The P2C2 HIV study is unique in providing serial follow-up of pulmonary function and echocardio-raphic parameters in both HIV-infected children and uninfected children born to HIV-infected mothers. Using these measures and other means of detecting pulmonary and cardiovascular disease, e.g., DTPA lung scans, chest radiography, oximetry, ECG, and Holter monitoring, the investigators will be able to track the course of the pulmonary and cardiovascular events and see how they may associate with immunologic markers of disease and the presence of viral cofactors (Epstein-Barr virus and cytomegalovirus). Furthermore, the investigators hope to determine whether the diagnostic methods used for tracking facilitate early diagnosis of cardiovascular and pulmonary complications.

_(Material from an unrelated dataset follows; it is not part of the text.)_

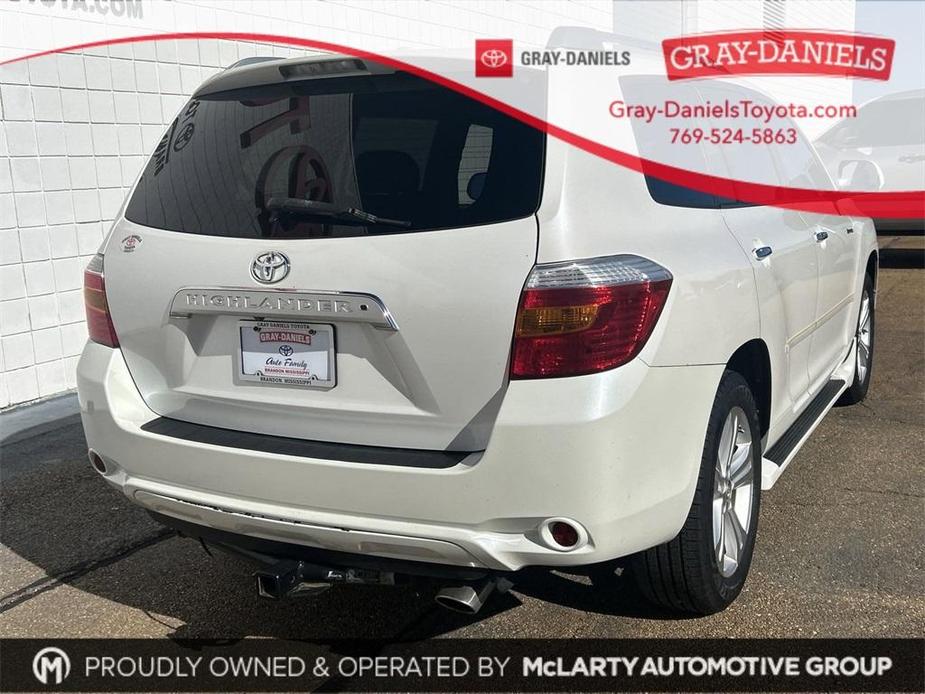 used 2010 Toyota Highlander car, priced at $11,811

Six contracts were supported and the program has been completed. The study is now in the data analysis phase.
N01 HR96037 - Mark Schluchter - Cleveland Clinic Foundation, Cleveland, OH
N01 HR96038 - Samuel Kaplan - University of California, Los Angeles, CA
N01 HR96040 - William Shearer - Baylor College of Medicine, Houston, TX
N01 HR96041 - Steven Lipschultz - Children's Hospital Corporation, Boston, MA
N01 HR96042 - Meyer Kattan - Mt. Sinai School of Medicine, New York, NY
N01 HR96043 - Robert Mellins - Presbyterian Hospital Medical Center, New York, NY
Although recruitment of the desired cohort for the P2C2 HIV study was completed in January 1994, it has been extended primarily because of a lower-than-projected transmission rate of HIV from mother to infant. The anticipated rate had been 30 percent, whereas the actual accrual rate observed in this and other pediatric HIV studies is closer to 18 percent.

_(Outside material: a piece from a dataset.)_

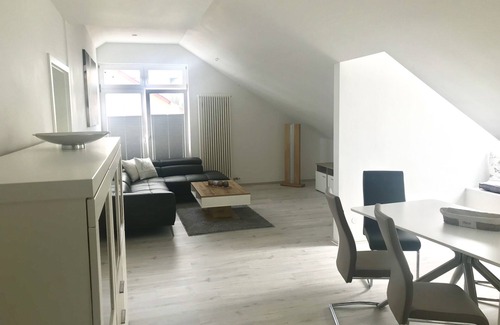 Mutlangen Apartamento | Recientemente renovado y recién amueblado Dachgeschosswohung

Demographics on the 800 enrolled subjects indicate that 49 percent of the children are black, 33 percent are Hispanic and 12 percent are white, less than 1 percent are Asian or American Indian, and the remaining 5 percent are listed as "other." About half of the mothers were screened for drugs and, of these, more than 50 percent tested positive for illicit drugs. Both mothers and infants have high rates of EBV infection, 63 percent and 33 percent (at age one year), respectively. Preliminary P2C2 data on infant CD4 counts have already been helpful in establishing pediatric norms and criteria for treating HIV-infected children. Low maternal CD4 cell counts were also found to correlate with low neonatal CD4 cell counts. Furthermore, the percent of CD4 lymphocytes was observed to identify HIV-infected maternal risk for HIV transmission. In the infants low CD4 counts were associated with P. Carinii pneumonia (PCP) in the first year of life. Bacterial, viral, and PCP pneumonias were significantly increased in the HIV-infected infants during the first year of life. Lung function in uninfected children born to HIV+ mothers appears to be normal during the first year. The number of congenital cardiac defects identified both HIV-infected and uninfected infants born to HIV+ mothers is larger than reported for the general population. The reasons for this are not yet clear and may be related to the way in which screening was performed. The P2C2 study screens all children whereas general population studies screen referred children. Preliminary echo data show that left ventricular function is commonly depressed in HIV-infectedchildren and that depressed left ventricular function correlates with decreased immune function and possibly encephalopathy.
In 1996 P2C2 joined in an international effort with nine other pediatric and perinatal AIDS studies, under the leadership of the National Institute of Child Health and Human Development, to select the pertinent data from all the studies and perform a meta-analysis to determine the effect of method of delivery on the risk of transmission of HIV from mother to infant.